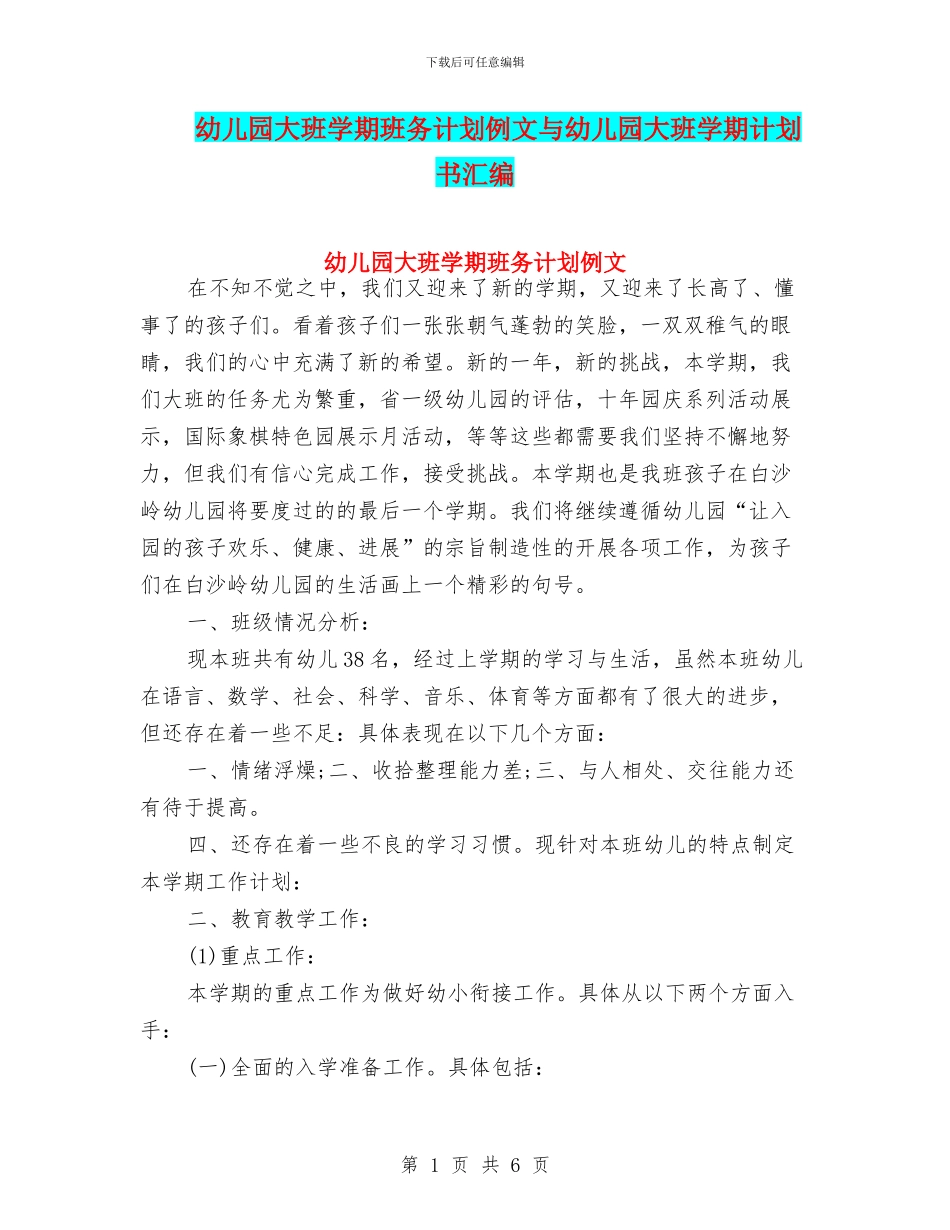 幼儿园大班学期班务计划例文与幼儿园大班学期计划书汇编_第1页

═══

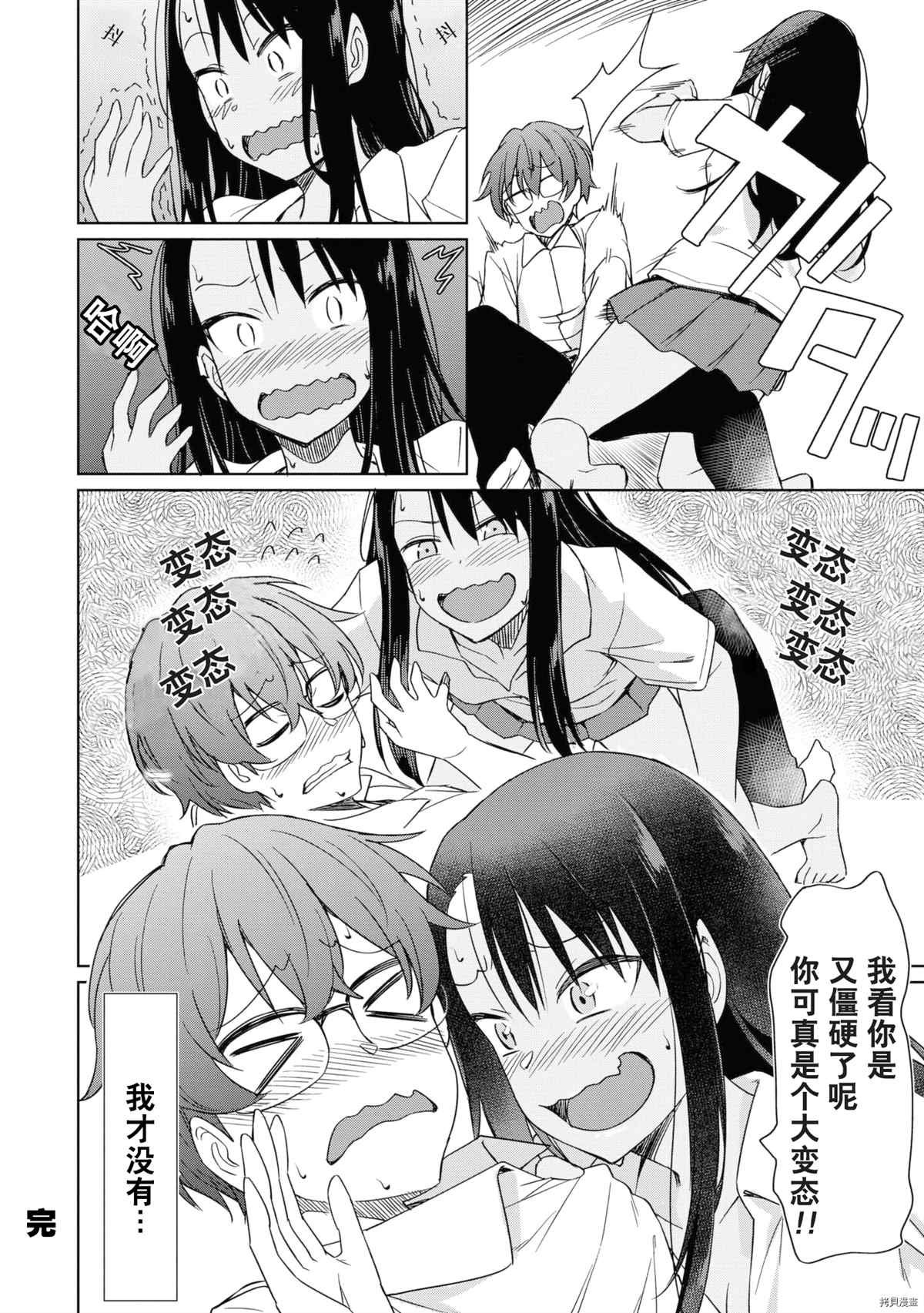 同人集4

═══

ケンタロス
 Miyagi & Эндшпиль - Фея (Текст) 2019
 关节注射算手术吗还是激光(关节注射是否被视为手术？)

═══

Using the data above, transcribe the lines that run from the line with "Miyagi & Эндшпиль - Фея (Текст) 2019" to the line with "关节注射算手术吗还是激光(关节注射是否被视为手术？)", both ends kept, and output nothing else.

 Miyagi & Эндшпиль - Фея (Текст) 2019
 关节注射算手术吗还是激光(关节注射是否被视为手术？)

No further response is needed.